Entries provided:
--------------------------------

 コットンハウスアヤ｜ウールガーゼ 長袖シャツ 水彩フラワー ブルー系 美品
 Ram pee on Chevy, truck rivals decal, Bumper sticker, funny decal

--------------------------------

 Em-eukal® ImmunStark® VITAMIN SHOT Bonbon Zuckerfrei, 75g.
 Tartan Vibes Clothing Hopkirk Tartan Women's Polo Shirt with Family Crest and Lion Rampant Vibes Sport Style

--------------------------------

Activity: Look through the material above and print exactly the lines from the one containing "コットンハウスアヤ｜ウールガーゼ 長袖シャツ 水彩フラワー ブルー系 美品" to the one containing "Ram pee on Chevy, truck", both included, and nothing more.

Result of this exercise:
 コットンハウスアヤ｜ウールガーゼ 長袖シャツ 水彩フラワー ブルー系 美品
 Ram pee on Chevy, truck rivals decal, Bumper sticker, funny decal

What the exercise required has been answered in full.